Abu Mazen is not just running for a position and for having authority. He holds in his hands a new Palestinian National Agenda. He is not running as the successor of late Abu Amar, but as someone who is presenting a new Palestinian national agenda emphasizing the Palestinian aspiration for sovereignty and freedom based on the legitimate rights of the Palestinians and emphasizing the belief that the way to achieve those rights is at the negotiations table. For that too we should give the man a chance.

One Voice works to turn out votes

One of the prominent foreign organizations supporting Abu Mazen is the Palestinian branch of the One Voice organization. One Voice, funded by American contributions, is engaged in a widespread public relations campaign throughout the Palestinian territories bearing the slogan, "Raise your voice and take part in your destiny."

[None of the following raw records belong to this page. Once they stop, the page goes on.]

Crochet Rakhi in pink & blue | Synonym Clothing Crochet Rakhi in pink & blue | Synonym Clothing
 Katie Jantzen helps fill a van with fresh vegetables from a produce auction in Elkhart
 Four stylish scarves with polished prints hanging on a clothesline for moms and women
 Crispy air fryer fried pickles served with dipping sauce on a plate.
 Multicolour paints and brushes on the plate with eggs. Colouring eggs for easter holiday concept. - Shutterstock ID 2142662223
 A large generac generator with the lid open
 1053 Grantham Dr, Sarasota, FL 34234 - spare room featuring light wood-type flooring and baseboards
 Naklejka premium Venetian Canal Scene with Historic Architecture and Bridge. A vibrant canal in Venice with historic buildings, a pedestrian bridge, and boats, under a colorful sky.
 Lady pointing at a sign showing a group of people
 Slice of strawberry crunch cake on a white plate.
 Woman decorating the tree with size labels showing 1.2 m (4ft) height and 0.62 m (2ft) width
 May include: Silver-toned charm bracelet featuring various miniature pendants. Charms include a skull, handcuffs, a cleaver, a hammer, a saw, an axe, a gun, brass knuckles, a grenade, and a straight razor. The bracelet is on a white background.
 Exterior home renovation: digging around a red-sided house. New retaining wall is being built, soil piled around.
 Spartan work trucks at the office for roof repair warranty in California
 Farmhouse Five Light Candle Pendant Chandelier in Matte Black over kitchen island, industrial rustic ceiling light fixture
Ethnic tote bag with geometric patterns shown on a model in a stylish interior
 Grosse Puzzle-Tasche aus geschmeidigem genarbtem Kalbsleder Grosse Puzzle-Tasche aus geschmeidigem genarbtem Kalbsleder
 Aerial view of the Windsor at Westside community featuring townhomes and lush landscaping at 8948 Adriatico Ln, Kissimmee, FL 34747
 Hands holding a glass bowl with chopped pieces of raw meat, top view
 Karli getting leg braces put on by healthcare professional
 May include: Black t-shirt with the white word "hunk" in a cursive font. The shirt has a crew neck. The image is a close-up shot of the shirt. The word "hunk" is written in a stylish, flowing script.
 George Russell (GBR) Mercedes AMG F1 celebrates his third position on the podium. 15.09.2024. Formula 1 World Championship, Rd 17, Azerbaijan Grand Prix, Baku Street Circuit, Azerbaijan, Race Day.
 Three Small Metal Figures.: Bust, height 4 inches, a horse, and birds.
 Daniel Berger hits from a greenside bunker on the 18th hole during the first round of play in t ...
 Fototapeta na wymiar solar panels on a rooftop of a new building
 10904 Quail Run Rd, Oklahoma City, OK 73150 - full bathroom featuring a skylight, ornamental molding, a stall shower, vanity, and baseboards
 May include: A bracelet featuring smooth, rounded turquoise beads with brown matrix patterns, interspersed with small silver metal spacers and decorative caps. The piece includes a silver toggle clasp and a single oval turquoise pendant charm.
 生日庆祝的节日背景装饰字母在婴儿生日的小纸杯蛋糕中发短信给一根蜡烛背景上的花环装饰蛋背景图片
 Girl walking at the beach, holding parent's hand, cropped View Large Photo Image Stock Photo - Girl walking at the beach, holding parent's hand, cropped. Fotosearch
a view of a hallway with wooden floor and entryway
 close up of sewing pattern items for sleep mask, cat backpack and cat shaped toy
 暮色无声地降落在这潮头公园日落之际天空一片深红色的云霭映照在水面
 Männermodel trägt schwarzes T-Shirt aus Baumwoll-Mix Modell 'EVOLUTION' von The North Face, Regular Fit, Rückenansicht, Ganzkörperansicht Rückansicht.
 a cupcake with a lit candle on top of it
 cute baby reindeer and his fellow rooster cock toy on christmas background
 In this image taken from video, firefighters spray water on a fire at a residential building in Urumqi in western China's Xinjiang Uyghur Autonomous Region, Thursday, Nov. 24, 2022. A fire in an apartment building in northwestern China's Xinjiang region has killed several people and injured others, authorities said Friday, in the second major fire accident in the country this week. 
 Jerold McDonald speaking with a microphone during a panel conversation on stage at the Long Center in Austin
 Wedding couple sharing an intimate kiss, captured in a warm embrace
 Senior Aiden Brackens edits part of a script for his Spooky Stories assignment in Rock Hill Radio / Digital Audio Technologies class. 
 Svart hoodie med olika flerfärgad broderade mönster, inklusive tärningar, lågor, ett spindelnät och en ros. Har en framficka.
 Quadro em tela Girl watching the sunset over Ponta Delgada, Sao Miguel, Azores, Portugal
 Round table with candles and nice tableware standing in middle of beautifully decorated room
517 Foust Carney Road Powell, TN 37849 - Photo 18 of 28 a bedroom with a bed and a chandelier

One activist says that increased activity in the run-up to the elections is now palpable in major Palestinian cities. "There are giant posters with pictures of both main candidates, Abu Mazen and Dr. Mustafa Barghouti, and there are conferences and marches. But in the periphery, there is almost no activity. The streets are dead and the residents follow the election campaign only on the pages of newspapers and in local television ads," he says.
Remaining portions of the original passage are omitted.